A 16-year-old boy and a 41-year-old man have died in separate lakes at a Norfolk beauty spot, prompting warnings over the dangers of swimming in open water during the heatwave.
It is believed the man had swum about 45m out in a flooded quarry and was heading for an island when he disappeared under the water.
In another incident at the lakes at Bawsey Pits, near Kings Lynn, the teenager, who was from London but staying in Ely, Cambridgeshire, was reported missing.
Searches were launched at around 4.30pm and the body of the man was discovered about three hours later, while the teenager was found at 9.25pm.
Both were found entangled in reeds about two metres below the surface, Norfolk's Chief Fire Officer, Nigel Williams, said.
Hundreds of sunbathers looked on as the search took place and Mr Williams said officers had to prevent members of the public entering the water in their own rescue attempts.
Mr Williams went on: "It was an extremely hot day and clearly the temptation to enter the water, despite many warning signs, was too much for some.
"When we arrived there were people still swimming in the water, oblivious to what was going on.
"Swimming is banned here and the signs are there for everybody to see."
Firefighters, paramedics, police and RAF crews were involved in the search
Norfolk Police Assistant Chief Constable Nick Dean said: "People must heed the warning - you don't know what you're going into, you don't know the currents or what underwater obstacles there are.
"People were entering the water as we were attempting the recovery so that shows how, on occasions, people ignore the warnings."

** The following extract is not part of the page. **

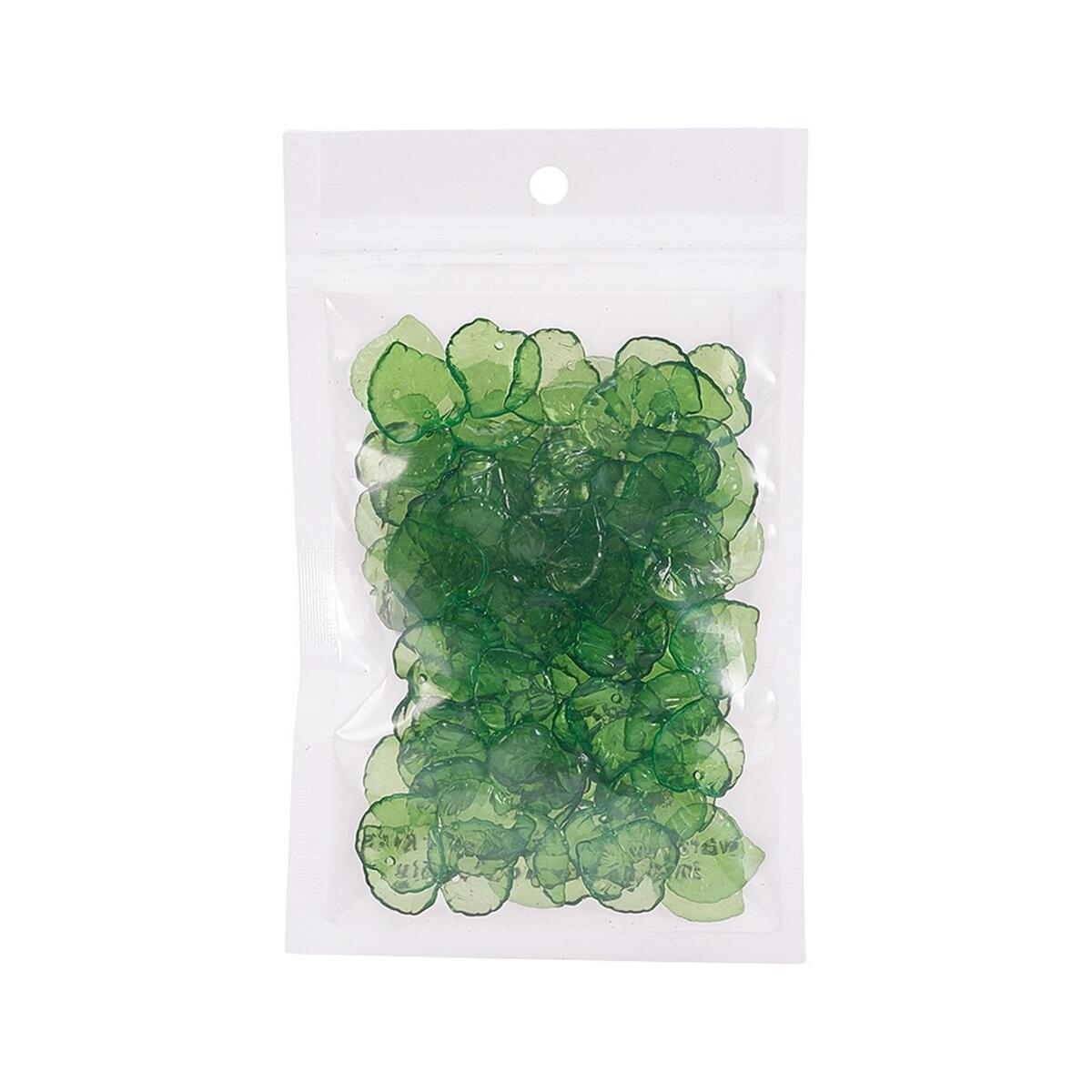 100x Green Transparent Acrylic Leaf Pendants Frosted Style Leaf Shape Bead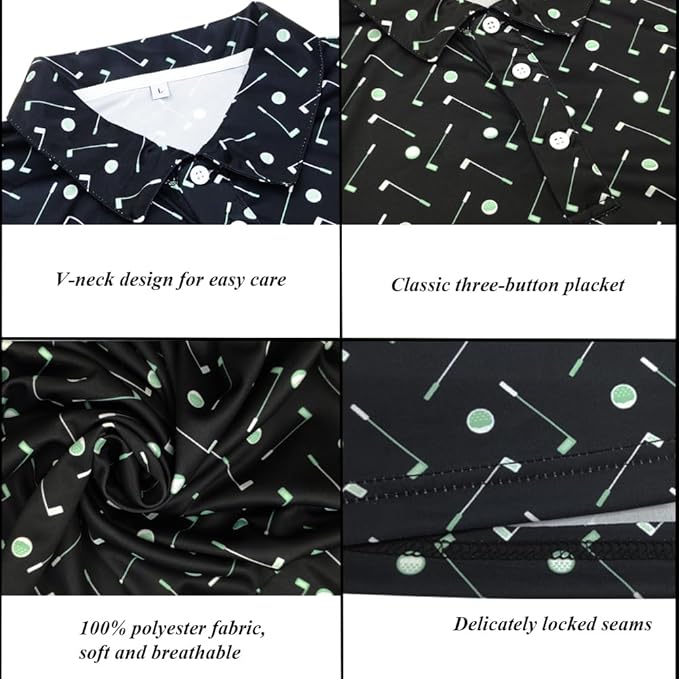 Men's Long Sleeve Golf Shirt Quick Dry 3 Button Work Fishing Outdoor Casual Collar Shirt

Neither victim has been named.
The 41-year-old is understood to have been visiting the lake with his girlfriend and friends.
He told the group he was with that he hoped to swim to the island and was about five metres from its shore when he disappeared below the surface.
The 16-year-old was with two adults and another teenager.
A spokesman for Sibelco, which runs the disused quarry, said it was "saddened" to learn of the deaths and that it would work with police on the investigation.
"Safety is our prime concern and signs are in place to warn against swimming and diving," he said.